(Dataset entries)
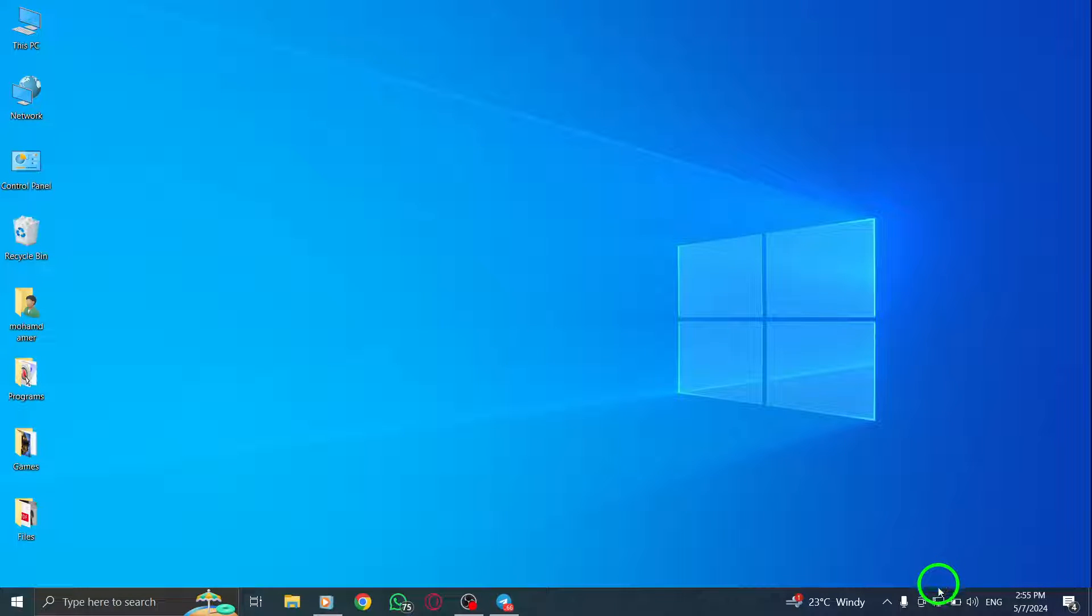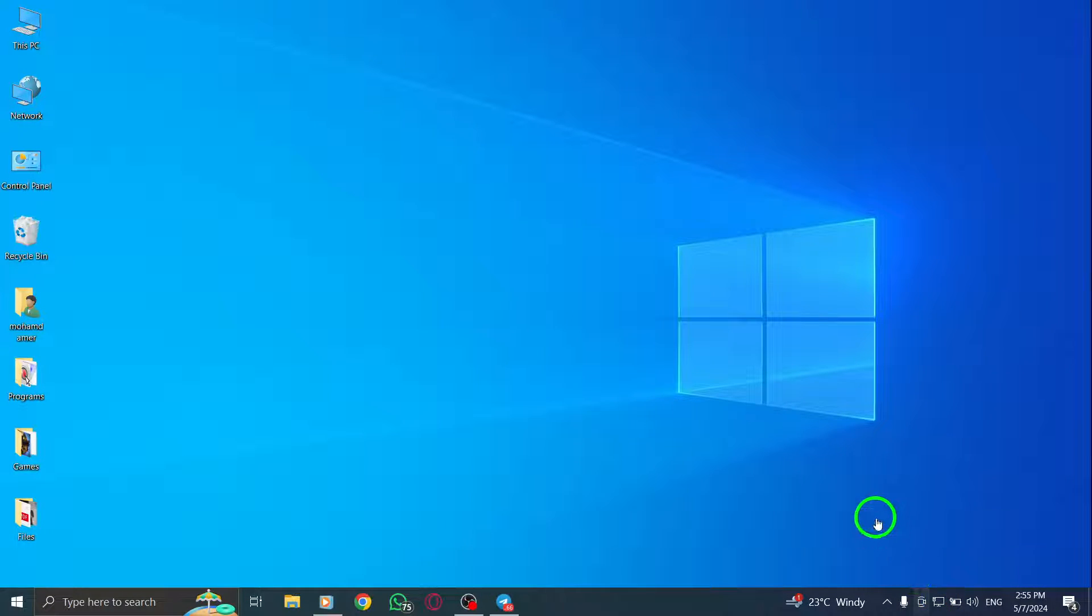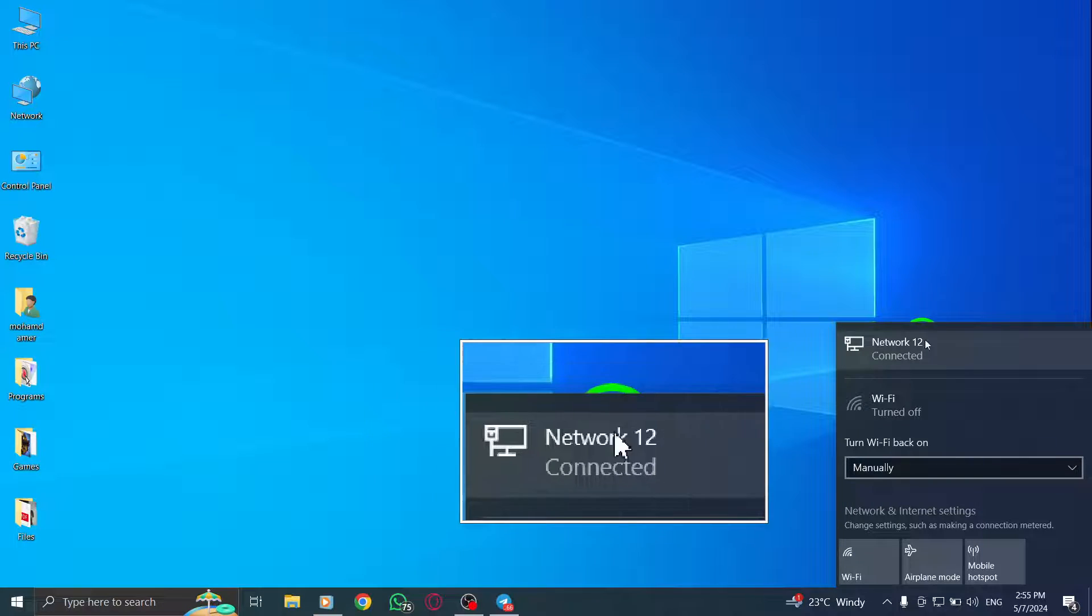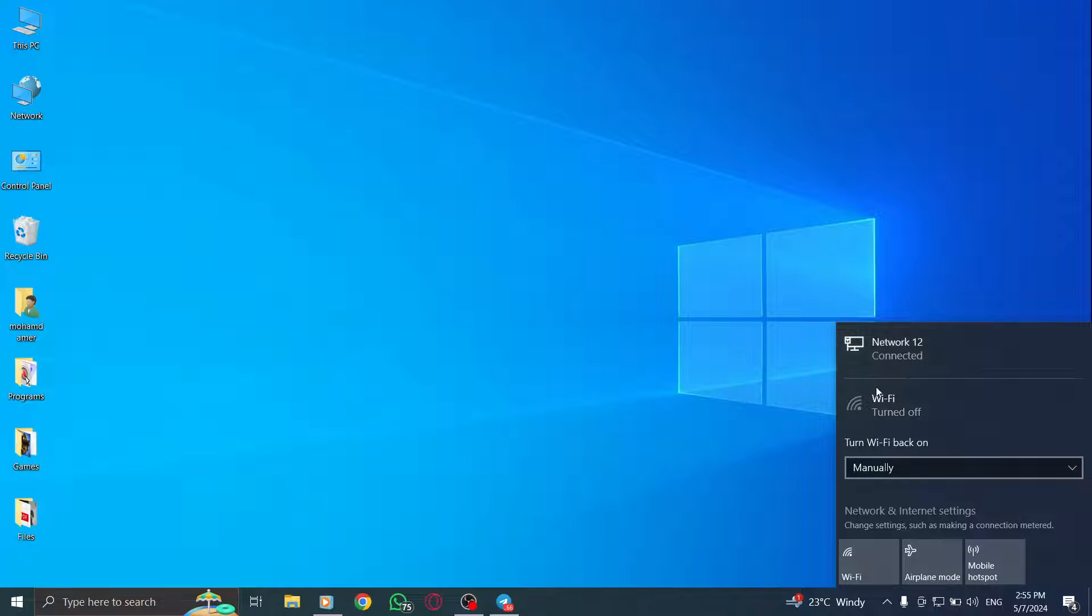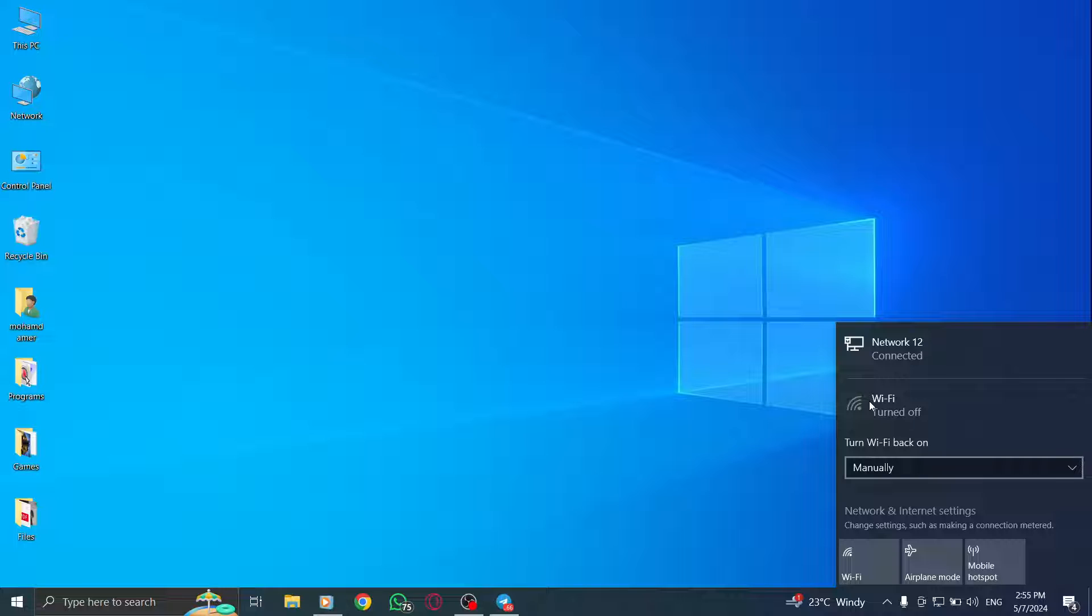Next, check your internet connection. Make sure you have a stable internet connection by switching between Wi-Fi and mobile data to see if the problem persists.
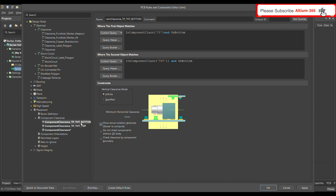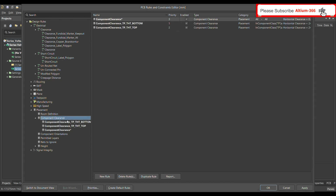We've now defined the design rules for the THT connector. You can define the same rules for the SMD connector — just first define the SMD connector as a component class under Classes, then choose SMD instead of THT in the rule definition. The next rule is component clearance between test point and test point.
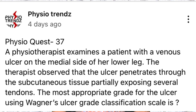The question says that a physiotherapist examines a patient with a venous ulcer on the medial side of her lower leg. The therapist observes that the ulcer penetrates to the subcutaneous tissue, partially exposing several tendons. The most appropriate grade for the ulcer using Wagner's ulcer grade classification scale is: Grade 1, Grade 2, Grade 3, or Grade 4.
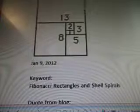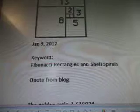So there's the Fibonacci Number Diagram there. January 9, 2012 — now it's May 2014. The keyword is Fibonacci Rectangles and Shell Spirals, quote from blog.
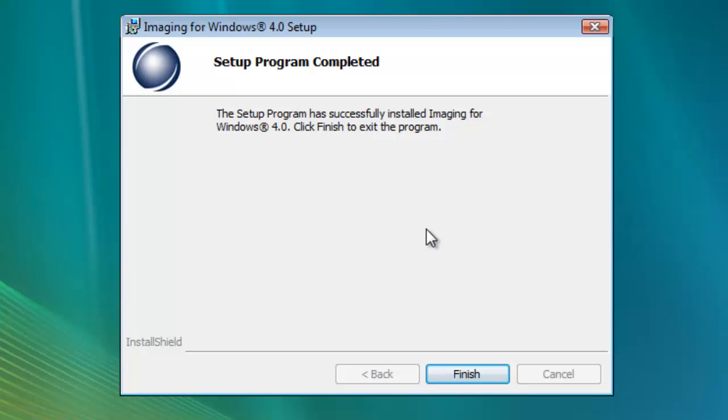Finally, you'll get to the last screen of the installation process. This screen confirms that you have successfully installed OpenText Imaging for Windows 4.0. To complete the process, simply click Finish.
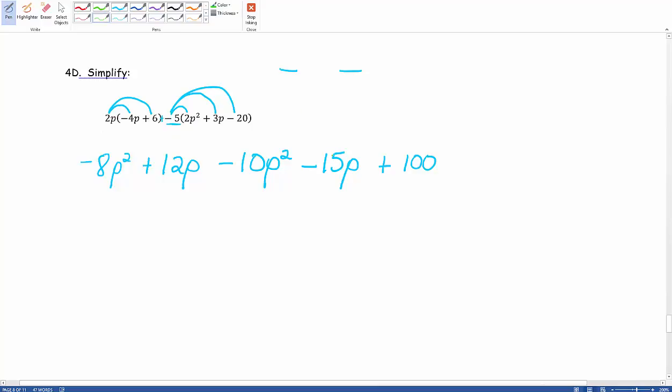Next, what we want to do is combine our like terms. Looking at the P squareds, there is negative 8P squared, and we are subtracting 10 more P squareds. Going back to that credit card analogy, you owe $8, you owe another $10, then we owe a total of $18, or in this case, 18P squareds.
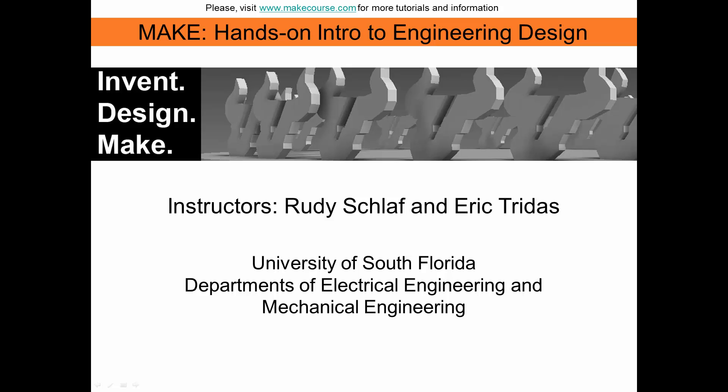Welcome to MAKE, Hands-On Intro to Engineering Design, a course taught at the University of South Florida.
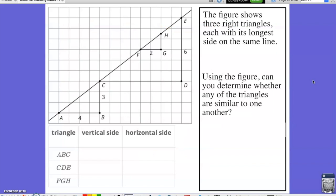For our first problem, the figure shows three right triangles, each with its longest side on the same line. I'm going to label the right angles, and I notice that the longest side is attached to this line running diagonally through the grid. Using the figure, can you determine whether any of the triangles are similar to one another? We have triangle ABC, triangle CDE, and triangle FGH, and some of the sides are labeled with their lengths.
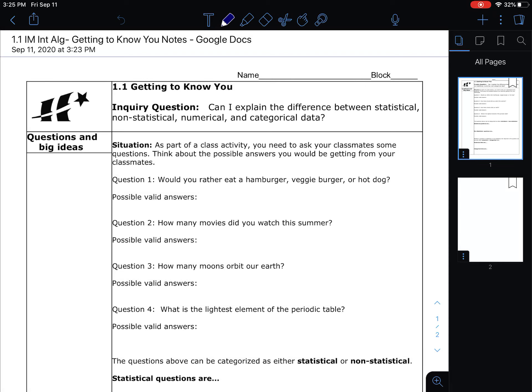Time to get into our first lesson in the first unit of our year with one-variable statistics. The inquiry question today is: can I explain the difference between statistical, non-statistical, numerical, and categorical data? That's a lot of big words, but hopefully we can figure this out by the end of our notes and have you practice a little bit with it.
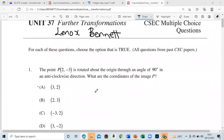All right, good day everyone. Today we're looking at a few multiple choice questions on transformation. For each of these questions, which option is true? All questions are from past CXC papers. The first one says: the point P(2, -3) is rotated about the origin through an angle of 90 degrees in an anti-clockwise direction. What are the coordinates of the image?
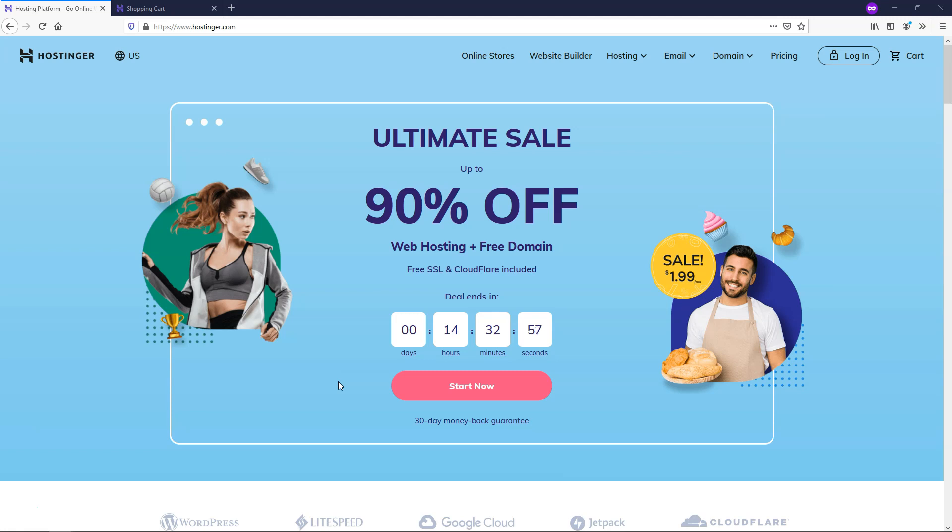Hey, it's Tom from WPWithTom.com, and in this video I'm going to be doing a Hostinger review and discussing an exclusive Hostinger coupon code.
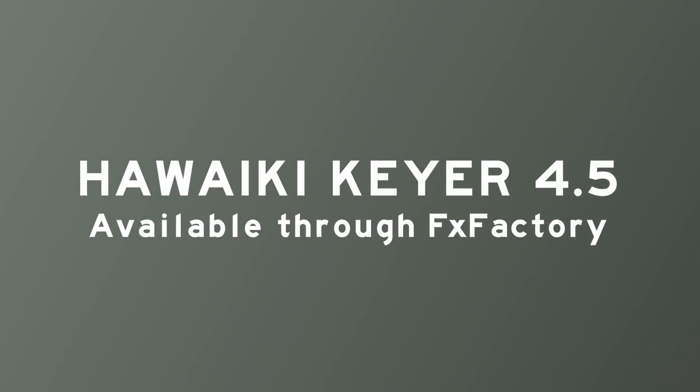HitFilm Keyer Pro 4.5 is available through FX Factory and that means you can download a trial version and try it out for yourself right now. Thanks very much indeed for watching.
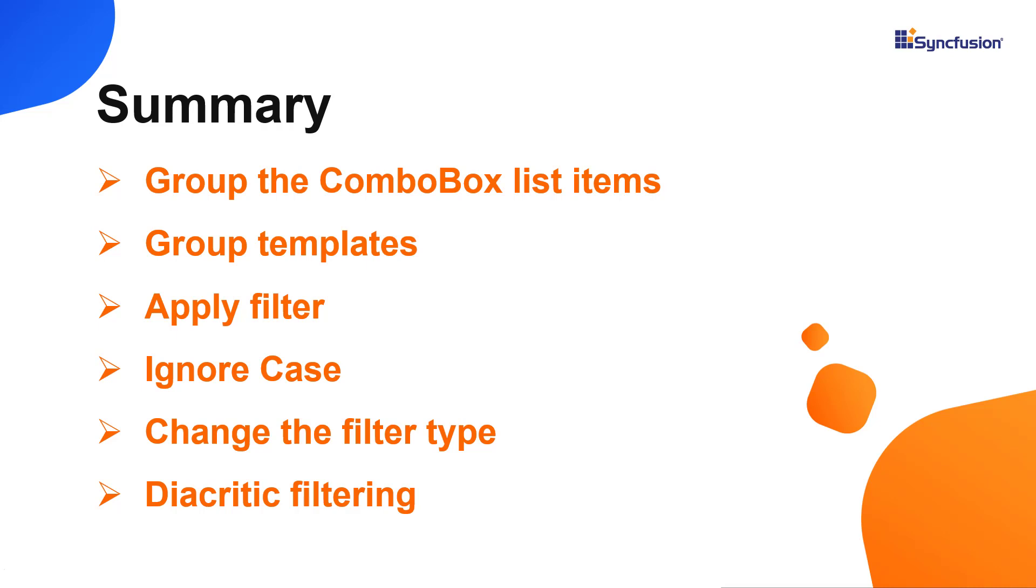I've also provided a link where you can see if you're eligible for our community license, which will provide you with a free license key to use our products. Thank you for watching this video. If you found this video useful, give it a like, and subscribe to our channel.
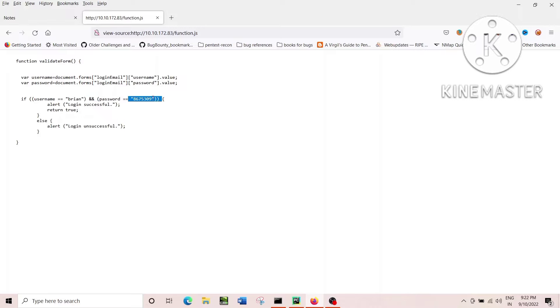The username and password is there, but where to consume this username and password? You need to find out a valid login page to use the same.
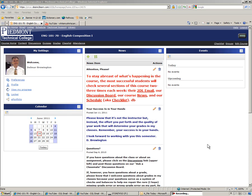This will be a short little video on sending an attachment in D2L email. So we log into D2L, of course, and then go to your course — in this case, English 101.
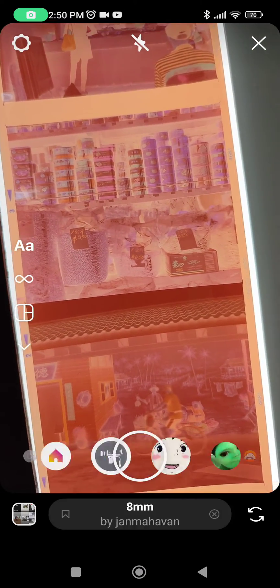You can click on the shutter icon to take a picture. But if you do not wish to post it to your Instagram story, you click on the save icon to download it to your phone.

**Work required**
All that is wanted is the lines above between the one containing "The question says" and the one containing "All right, good", inclusive, restated word for word, with pictures omitted.

**Result of this task**
The question says that a physiotherapist examines a patient with a venous ulcer on the medial side of her lower leg. The therapist observes that the ulcer penetrates to the subcutaneous tissue, partially exposing several tendons. The most appropriate grade for the ulcer using Wagner's ulcer grade classification scale is: Grade 1, Grade 2, Grade 3, or Grade 4.
So there's the Fibonacci Number Diagram there. January 9, 2012 — now it's May 2014. The keyword is Fibonacci Rectangles and Shell Spirals, quote from blog.
Finally, you'll get to the last screen of the installation process. This screen confirms that you have successfully installed OpenText Imaging for Windows 4.0. To complete the process, simply click Finish.
Next, what we want to do is combine our like terms. Looking at the P squareds, there is negative 8P squared, and we are subtracting 10 more P squareds. Going back to that credit card analogy, you owe $8, you owe another $10, then we owe a total of $18, or in this case, 18P squareds.
Welcome to MAKE, Hands-On Intro to Engineering Design, a course taught at the University of South Florida.
For our first problem, the figure shows three right triangles, each with its longest side on the same line. I'm going to label the right angles, and I notice that the longest side is attached to this line running diagonally through the grid. Using the figure, can you determine whether any of the triangles are similar to one another? We have triangle ABC, triangle CDE, and triangle FGH, and some of the sides are labeled with their lengths.
Time to get into our first lesson in the first unit of our year with one-variable statistics. The inquiry question today is: can I explain the difference between statistical, non-statistical, numerical, and categorical data? That's a lot of big words, but hopefully we can figure this out by the end of our notes and have you practice a little bit with it.
All right, good day everyone. Today we're looking at a few multiple choice questions on transformation. For each of these questions, which option is true? All questions are from past CXC papers. The first one says: the point P(2, -3) is rotated about the origin through an angle of 90 degrees in an anti-clockwise direction. What are the coordinates of the image?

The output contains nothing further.